40 year machinist here....Cut my teeth when I apprenticed as a Tool and Die Maker back in the Eighties in So. Cal ( I ran Surface Grinders, Radial Arm Drills, Shapers and a Bridgeport Mill there), and did that for two years but was already into Hot Rodding and MOPARS.

After T & D, I went to work for a now defunct but significant at the time local manufacturer of Racing Products ("Summers Bros" of Goldenrod Fame) Axles, Spools, Gear Drives, Main Caps, etc and worked there for close to 8 years, ran a cylindrical grinder there doing axle journals and my 1st NC "Numeric Control" (pre-dated CNC) a Leblonde Lathe and later my 1st CNC Lathe, a Hitachi...Pretty cool place for a young man as we supplied axles to Glidden. WJ, Rickey Smith and Reher Morrison all of whom were visitors to the shop.

Later worked for a few different job shops, again running primarily a variety of CNC Lathes and always doing my own G-Code programming...

I then became a Mold Maker building Rubber Molds (Transfer and Compression) where I got my 1st taste of a Mazak CNC Lathe and started programming in Mazatrol which is just a conversational type of programming that gets converted to G-Code in the background..Absolutely Love the Mazaks and prefer them over straight G-Code machines.

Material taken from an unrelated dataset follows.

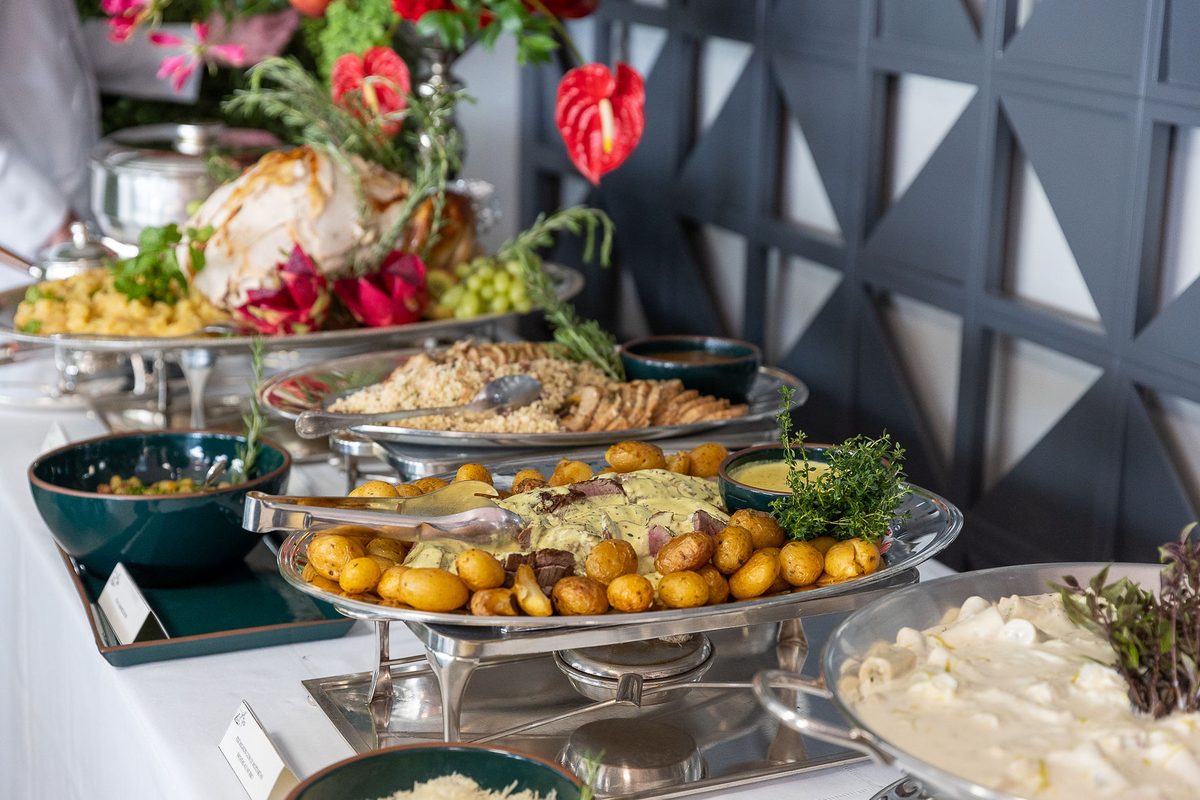 Mesa de buffet com pratos quentes e acompanhamentos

I did the Rubber Molds for Ten Years and then moved to Texas and worked in the Oil Patch doing Prototype work for almost 20 years again running a Huge Mazak Powermaster CNC Lathe and some other smaller Mazak CNC Lathes in the unit as well as some Weiler Lathes.

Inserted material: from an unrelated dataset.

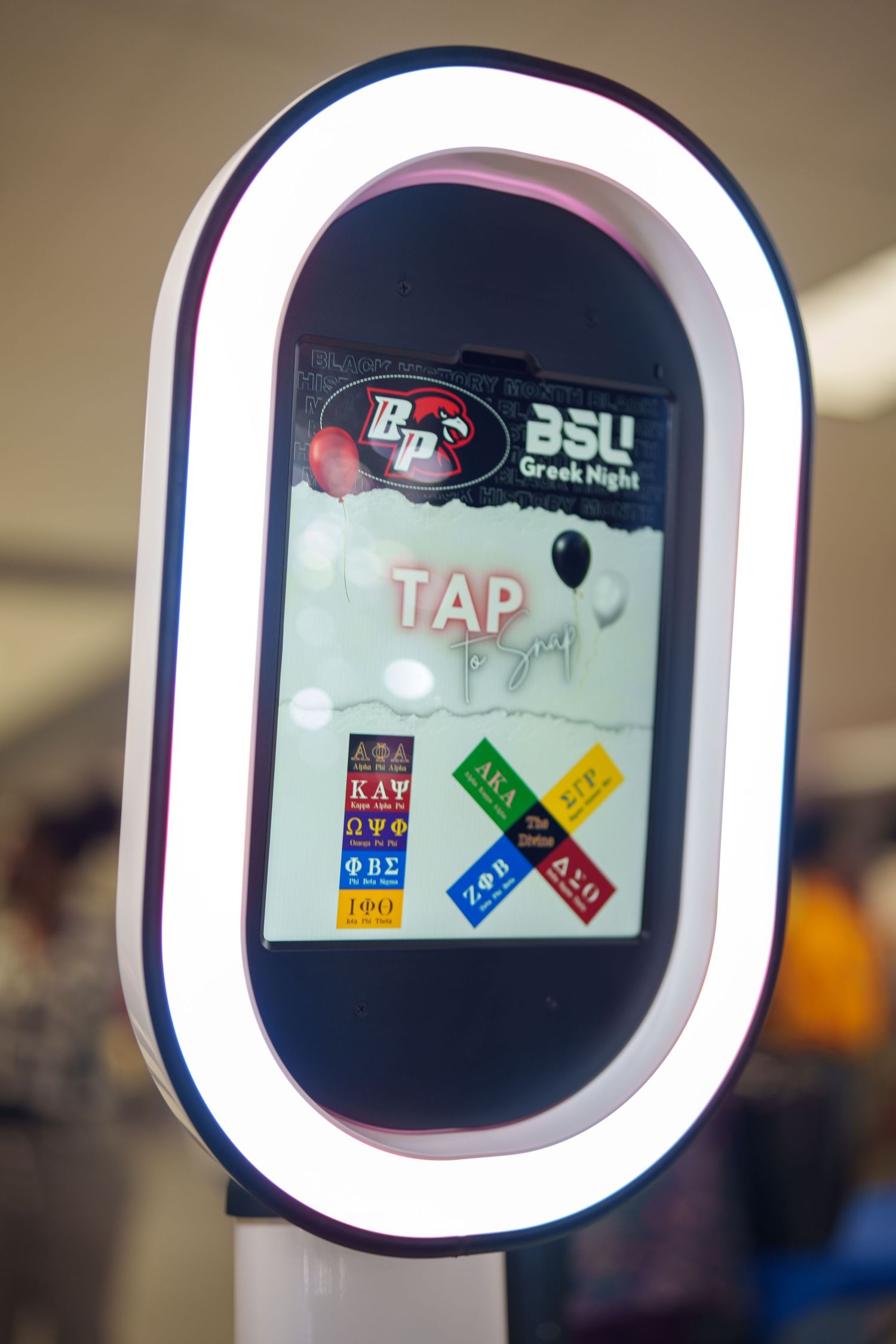 Digital photo booth display with illuminated frame showing interactive interface.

Unfortunately, the Oil Patch job I had hoped to retire from closed their doors in August of last year and now I'm an Older Guy (Very Experienced) but Older and Discrimination is the Real Deal out there.

I started anew again in November of last year and I'm now repairing Plastic Injection Molds for a small local company.. I've got to do it all there from Band Sawing the raw material to running the Engine Lathe, A lot of Surface Grinding on Pins, Plates and Sleeves and Running Bridgeport Mills.......The big change here and a huge learning curve for me is they have 8 CNC Mills and 1 CNC Lathe (all Haas) and all of the programs are created from "Mastercam" software. So I actually have to create a Wireframe model, sometimes 3D and sometimes extruded into a Solid depending on the parts geometry and complexity and then you actually chain to parts of the geometry and it generates a program which you then upload to the machines control.

Pretty elaborate stuff and had to talk myself off the ledge more than once when I 1st started using Mastercam as there are just so many different toolpaths and complexities associated with that it can be very overwhelming when 1st using it but I'm definitely getting better and though I'm at the tail end of my career in all reality if you can become proficient with Mastercam, you can write your own ticket and get a job anywhere getting top wages.